◆ EXTRACTED DATA:
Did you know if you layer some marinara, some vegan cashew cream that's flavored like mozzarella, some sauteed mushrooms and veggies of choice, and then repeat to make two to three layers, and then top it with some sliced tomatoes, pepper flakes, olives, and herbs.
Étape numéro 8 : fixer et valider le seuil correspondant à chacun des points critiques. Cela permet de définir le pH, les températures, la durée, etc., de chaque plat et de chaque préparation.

==

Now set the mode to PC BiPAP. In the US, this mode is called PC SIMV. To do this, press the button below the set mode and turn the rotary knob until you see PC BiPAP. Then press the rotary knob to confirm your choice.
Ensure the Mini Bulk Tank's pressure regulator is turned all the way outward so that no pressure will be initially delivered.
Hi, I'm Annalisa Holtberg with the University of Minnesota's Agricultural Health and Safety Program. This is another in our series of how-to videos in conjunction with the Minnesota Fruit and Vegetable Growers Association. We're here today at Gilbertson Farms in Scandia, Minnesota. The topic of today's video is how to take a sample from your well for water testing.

◆ WORK INSTRUCTION: Your answer should be the exact lines above from the one with "Ensure the Mini" through the one with "Hi, I'm Annalisa", both included, and nothing besides.

◆ YOUR SOLUTION:
Ensure the Mini Bulk Tank's pressure regulator is turned all the way outward so that no pressure will be initially delivered.
Hi, I'm Annalisa Holtberg with the University of Minnesota's Agricultural Health and Safety Program. This is another in our series of how-to videos in conjunction with the Minnesota Fruit and Vegetable Growers Association. We're here today at Gilbertson Farms in Scandia, Minnesota. The topic of today's video is how to take a sample from your well for water testing.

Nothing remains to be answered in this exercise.